→ **Brief**
Each record should be given again exactly, and any picture in it left out.

Provided information START

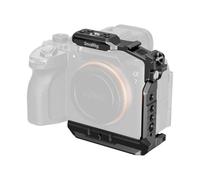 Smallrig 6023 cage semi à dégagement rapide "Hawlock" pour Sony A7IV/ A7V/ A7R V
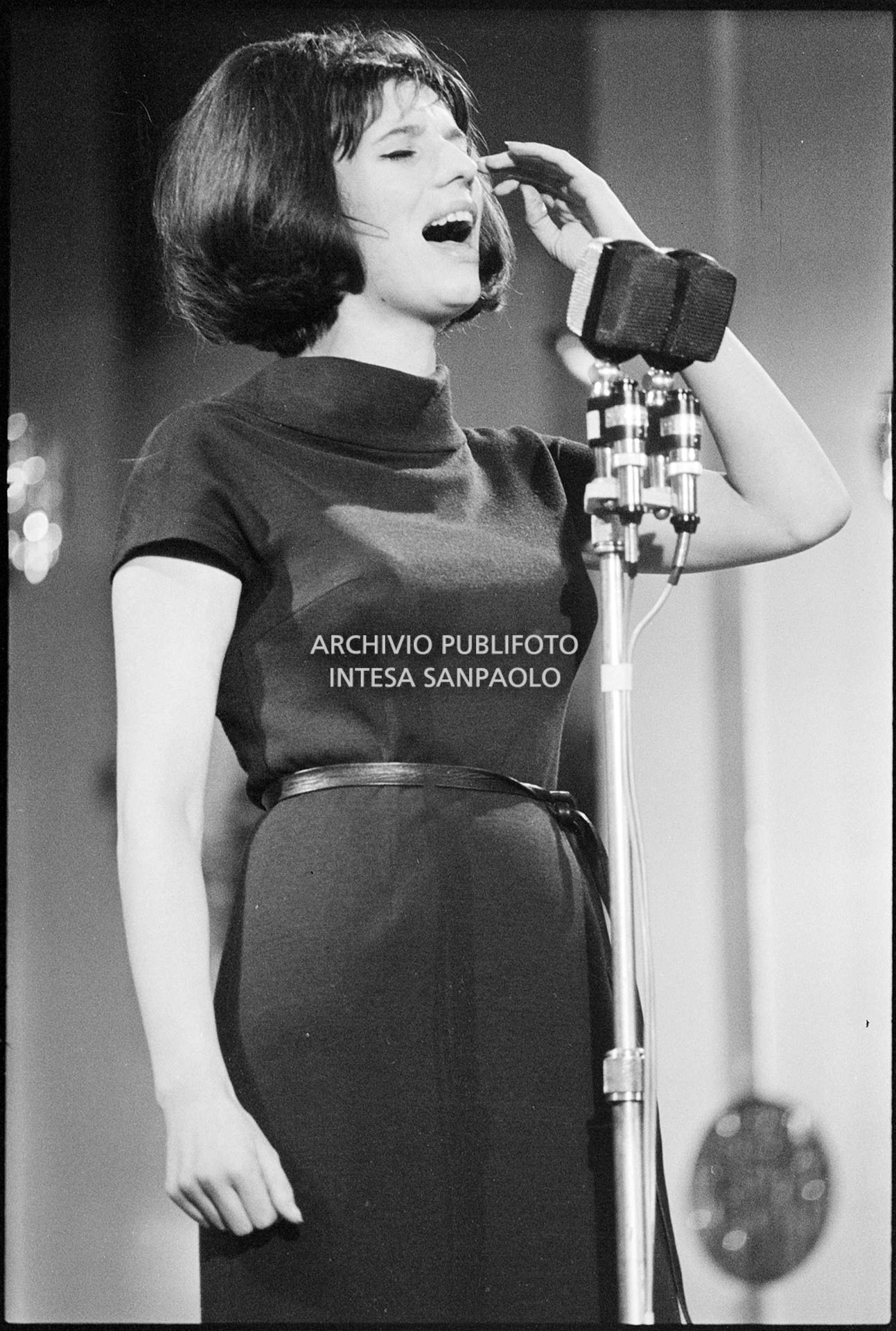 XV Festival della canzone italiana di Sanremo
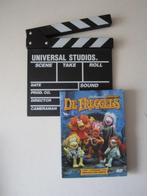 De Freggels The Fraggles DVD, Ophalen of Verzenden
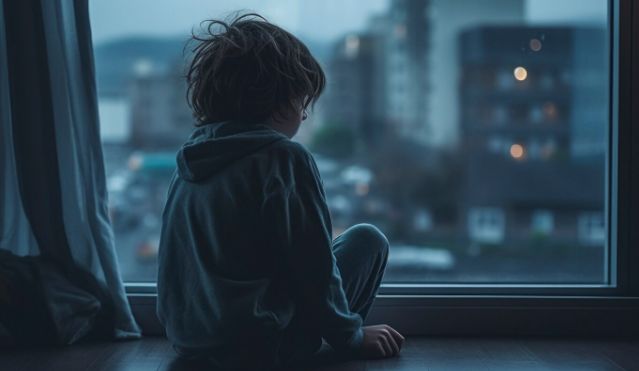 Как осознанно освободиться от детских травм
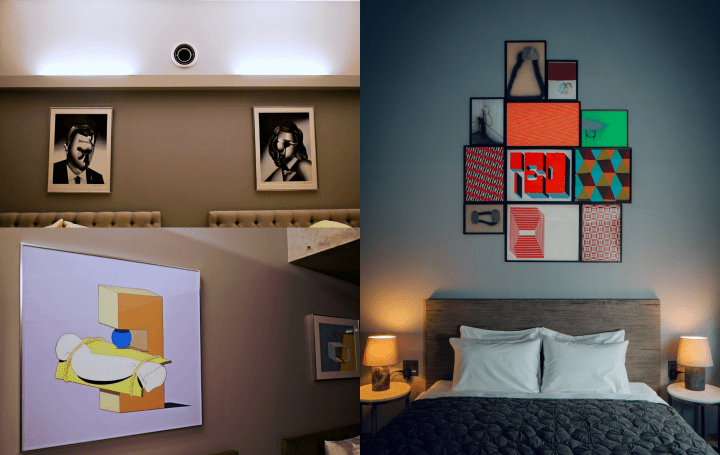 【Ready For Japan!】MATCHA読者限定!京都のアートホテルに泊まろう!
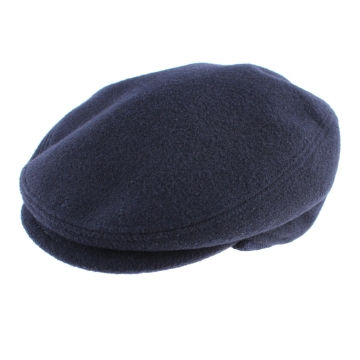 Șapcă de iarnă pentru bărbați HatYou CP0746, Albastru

Provided information END

→ **Answer to this exercise**
 Smallrig 6023 cage semi à dégagement rapide "Hawlock" pour Sony A7IV/ A7V/ A7R V
 XV Festival della canzone italiana di Sanremo
 De Freggels The Fraggles DVD, Ophalen of Verzenden
 Как осознанно освободиться от детских травм
 【Ready For Japan!】MATCHA読者限定!京都のアートホテルに泊まろう!
 Șapcă de iarnă pentru bărbați HatYou CP0746, Albastru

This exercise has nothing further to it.